Stored records –
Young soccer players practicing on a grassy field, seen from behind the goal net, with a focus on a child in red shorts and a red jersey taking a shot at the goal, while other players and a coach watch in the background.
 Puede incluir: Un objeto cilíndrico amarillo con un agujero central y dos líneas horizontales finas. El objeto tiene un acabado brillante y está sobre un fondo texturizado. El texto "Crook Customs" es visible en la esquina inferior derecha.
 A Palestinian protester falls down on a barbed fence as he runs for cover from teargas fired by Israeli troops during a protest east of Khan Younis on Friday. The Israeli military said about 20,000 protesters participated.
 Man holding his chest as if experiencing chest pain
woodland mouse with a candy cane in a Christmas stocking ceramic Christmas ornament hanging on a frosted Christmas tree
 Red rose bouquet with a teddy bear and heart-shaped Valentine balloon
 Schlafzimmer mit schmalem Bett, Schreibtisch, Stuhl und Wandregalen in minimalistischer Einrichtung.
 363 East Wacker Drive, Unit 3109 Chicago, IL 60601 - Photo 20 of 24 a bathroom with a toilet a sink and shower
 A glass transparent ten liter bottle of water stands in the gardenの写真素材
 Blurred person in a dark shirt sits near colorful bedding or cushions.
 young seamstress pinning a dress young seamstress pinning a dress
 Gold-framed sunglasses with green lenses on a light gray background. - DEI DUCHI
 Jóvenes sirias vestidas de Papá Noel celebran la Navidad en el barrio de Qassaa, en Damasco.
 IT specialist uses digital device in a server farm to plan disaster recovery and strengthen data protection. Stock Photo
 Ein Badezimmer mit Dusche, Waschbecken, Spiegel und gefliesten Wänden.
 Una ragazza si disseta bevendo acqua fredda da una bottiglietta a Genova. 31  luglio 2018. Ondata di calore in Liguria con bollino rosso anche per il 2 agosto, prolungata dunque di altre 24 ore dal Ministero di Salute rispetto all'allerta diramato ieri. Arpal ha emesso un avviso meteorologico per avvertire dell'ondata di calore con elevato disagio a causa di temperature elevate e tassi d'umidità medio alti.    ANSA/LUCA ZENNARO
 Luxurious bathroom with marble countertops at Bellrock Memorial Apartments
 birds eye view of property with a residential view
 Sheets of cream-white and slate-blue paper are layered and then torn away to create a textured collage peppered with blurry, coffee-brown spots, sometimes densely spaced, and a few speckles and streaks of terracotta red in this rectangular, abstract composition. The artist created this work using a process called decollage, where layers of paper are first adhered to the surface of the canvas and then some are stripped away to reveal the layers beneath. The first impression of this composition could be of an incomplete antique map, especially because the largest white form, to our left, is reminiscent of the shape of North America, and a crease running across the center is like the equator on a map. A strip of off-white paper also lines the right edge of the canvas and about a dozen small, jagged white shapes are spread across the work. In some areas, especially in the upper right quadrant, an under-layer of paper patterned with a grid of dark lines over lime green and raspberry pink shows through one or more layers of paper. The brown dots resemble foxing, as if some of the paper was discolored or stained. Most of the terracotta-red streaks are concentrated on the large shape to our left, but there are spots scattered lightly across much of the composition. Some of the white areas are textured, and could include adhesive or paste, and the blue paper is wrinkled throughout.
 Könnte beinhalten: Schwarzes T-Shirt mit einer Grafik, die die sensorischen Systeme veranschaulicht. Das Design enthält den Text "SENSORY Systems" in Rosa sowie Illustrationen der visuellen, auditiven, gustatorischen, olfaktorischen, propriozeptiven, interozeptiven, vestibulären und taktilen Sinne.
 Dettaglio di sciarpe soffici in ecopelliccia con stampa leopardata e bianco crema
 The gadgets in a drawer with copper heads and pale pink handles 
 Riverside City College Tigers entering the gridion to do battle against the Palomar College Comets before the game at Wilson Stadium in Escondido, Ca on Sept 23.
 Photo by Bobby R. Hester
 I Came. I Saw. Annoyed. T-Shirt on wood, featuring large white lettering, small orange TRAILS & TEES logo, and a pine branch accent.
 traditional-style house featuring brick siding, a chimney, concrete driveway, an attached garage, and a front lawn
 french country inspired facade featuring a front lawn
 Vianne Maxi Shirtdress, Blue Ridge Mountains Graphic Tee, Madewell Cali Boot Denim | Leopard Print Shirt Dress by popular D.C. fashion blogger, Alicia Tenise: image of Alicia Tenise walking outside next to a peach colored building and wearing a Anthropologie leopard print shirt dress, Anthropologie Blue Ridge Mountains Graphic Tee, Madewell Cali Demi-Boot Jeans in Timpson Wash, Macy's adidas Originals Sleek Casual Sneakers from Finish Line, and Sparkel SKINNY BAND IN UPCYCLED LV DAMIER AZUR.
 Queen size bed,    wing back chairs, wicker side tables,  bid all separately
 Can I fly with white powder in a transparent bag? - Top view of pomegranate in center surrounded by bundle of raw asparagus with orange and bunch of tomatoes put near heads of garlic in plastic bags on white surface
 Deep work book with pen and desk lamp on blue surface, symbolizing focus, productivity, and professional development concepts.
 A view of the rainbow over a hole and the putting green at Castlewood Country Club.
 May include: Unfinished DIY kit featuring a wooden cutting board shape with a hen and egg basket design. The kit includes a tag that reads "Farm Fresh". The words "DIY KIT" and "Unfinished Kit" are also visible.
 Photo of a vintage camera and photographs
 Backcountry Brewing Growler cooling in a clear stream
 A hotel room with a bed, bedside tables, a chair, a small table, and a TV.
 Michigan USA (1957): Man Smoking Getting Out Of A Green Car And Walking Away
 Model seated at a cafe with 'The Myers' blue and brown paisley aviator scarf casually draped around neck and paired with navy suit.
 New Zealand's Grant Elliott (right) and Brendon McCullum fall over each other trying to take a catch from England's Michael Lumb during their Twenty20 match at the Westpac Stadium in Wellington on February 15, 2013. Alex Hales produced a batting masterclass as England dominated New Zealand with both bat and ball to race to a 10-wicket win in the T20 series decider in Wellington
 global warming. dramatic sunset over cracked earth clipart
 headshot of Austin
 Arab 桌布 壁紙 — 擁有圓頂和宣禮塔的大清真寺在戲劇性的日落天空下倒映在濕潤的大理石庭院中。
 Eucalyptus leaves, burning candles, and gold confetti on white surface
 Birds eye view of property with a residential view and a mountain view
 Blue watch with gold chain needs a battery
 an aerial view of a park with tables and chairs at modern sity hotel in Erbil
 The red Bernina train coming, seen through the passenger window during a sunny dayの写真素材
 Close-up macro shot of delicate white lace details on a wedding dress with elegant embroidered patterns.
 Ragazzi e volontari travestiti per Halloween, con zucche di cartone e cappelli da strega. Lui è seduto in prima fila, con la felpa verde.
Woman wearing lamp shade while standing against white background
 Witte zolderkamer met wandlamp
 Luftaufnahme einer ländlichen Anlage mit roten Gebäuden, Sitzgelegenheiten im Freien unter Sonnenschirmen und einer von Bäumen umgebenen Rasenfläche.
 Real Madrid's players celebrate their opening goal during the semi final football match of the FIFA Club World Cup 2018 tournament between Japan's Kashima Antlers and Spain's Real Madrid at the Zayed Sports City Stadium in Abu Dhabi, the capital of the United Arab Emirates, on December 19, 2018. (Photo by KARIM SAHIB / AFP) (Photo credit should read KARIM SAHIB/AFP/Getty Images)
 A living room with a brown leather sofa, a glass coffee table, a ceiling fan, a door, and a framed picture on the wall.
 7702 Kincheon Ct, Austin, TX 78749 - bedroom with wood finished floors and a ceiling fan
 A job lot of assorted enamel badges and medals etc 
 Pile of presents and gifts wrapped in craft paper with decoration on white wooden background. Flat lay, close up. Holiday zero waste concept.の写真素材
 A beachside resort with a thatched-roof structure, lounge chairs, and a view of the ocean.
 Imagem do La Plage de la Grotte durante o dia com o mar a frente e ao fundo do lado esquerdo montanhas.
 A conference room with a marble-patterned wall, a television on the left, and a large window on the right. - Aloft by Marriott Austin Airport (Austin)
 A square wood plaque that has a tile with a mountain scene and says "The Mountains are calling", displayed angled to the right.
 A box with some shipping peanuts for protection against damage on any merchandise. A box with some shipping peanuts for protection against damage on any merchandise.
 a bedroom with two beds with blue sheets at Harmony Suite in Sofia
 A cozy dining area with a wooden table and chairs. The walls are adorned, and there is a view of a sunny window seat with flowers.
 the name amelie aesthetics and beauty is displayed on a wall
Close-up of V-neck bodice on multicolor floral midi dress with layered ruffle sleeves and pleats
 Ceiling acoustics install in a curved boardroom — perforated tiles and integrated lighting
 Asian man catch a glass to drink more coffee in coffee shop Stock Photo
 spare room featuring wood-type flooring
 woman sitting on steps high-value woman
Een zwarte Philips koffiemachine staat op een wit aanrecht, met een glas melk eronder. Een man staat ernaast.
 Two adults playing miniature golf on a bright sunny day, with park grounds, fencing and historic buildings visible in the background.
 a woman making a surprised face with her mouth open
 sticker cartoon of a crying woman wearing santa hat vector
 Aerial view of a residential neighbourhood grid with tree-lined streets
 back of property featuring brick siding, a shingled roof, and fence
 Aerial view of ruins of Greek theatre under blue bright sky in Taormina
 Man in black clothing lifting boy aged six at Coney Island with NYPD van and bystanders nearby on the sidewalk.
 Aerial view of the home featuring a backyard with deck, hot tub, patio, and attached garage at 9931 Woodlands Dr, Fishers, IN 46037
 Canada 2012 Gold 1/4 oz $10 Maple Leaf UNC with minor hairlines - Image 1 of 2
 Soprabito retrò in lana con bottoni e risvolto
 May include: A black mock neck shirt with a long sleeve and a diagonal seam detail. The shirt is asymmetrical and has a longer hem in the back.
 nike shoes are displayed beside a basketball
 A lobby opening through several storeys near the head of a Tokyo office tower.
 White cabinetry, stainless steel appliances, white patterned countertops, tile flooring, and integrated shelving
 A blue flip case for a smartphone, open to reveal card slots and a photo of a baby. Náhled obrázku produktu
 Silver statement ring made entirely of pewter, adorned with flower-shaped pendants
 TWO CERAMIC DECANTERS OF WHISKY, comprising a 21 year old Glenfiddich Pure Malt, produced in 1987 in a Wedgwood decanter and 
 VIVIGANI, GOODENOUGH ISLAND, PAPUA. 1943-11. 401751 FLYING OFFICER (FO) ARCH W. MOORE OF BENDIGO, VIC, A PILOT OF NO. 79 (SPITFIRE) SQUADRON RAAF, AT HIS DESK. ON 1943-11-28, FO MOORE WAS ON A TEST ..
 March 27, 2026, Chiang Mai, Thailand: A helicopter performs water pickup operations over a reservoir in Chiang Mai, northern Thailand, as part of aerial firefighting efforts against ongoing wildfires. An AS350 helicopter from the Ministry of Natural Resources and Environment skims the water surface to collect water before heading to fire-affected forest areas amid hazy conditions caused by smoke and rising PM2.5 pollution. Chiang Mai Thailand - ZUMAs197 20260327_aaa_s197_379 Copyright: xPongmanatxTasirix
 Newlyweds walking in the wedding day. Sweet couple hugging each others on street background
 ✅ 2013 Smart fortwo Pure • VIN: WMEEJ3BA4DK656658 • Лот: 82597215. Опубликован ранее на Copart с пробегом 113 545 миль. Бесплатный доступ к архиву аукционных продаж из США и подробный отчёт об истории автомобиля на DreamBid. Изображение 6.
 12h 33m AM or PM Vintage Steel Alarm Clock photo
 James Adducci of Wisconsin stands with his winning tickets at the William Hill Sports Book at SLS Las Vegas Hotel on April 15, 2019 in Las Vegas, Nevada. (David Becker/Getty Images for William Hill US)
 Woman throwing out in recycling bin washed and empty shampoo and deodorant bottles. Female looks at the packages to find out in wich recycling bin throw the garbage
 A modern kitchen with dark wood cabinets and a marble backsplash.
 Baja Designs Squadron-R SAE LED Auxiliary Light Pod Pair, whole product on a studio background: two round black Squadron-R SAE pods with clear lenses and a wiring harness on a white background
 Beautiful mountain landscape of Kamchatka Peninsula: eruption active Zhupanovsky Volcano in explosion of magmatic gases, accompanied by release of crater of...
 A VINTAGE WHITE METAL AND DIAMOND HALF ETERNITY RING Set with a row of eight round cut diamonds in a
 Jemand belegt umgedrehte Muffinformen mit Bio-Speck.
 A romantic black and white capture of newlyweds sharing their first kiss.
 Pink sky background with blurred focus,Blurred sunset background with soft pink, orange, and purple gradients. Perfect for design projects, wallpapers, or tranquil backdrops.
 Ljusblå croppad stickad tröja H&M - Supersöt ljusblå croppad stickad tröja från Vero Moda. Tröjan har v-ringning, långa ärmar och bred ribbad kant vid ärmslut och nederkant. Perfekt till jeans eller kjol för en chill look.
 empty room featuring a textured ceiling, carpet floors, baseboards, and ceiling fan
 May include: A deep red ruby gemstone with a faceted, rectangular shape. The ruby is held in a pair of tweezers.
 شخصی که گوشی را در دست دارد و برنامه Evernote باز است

Exercise aim – Looking back over the data above, restate word for word the lines that begin at the line with "Close-up of V-neck" and end at the line with "Aerial view of ruins", inclusive.

Answer for the task –
Close-up of V-neck bodice on multicolor floral midi dress with layered ruffle sleeves and pleats
 Ceiling acoustics install in a curved boardroom — perforated tiles and integrated lighting
 Asian man catch a glass to drink more coffee in coffee shop Stock Photo
 spare room featuring wood-type flooring
 woman sitting on steps high-value woman
Een zwarte Philips koffiemachine staat op een wit aanrecht, met een glas melk eronder. Een man staat ernaast.
 Two adults playing miniature golf on a bright sunny day, with park grounds, fencing and historic buildings visible in the background.
 a woman making a surprised face with her mouth open
 sticker cartoon of a crying woman wearing santa hat vector
 Aerial view of a residential neighbourhood grid with tree-lined streets
 back of property featuring brick siding, a shingled roof, and fence
 Aerial view of ruins of Greek theatre under blue bright sky in Taormina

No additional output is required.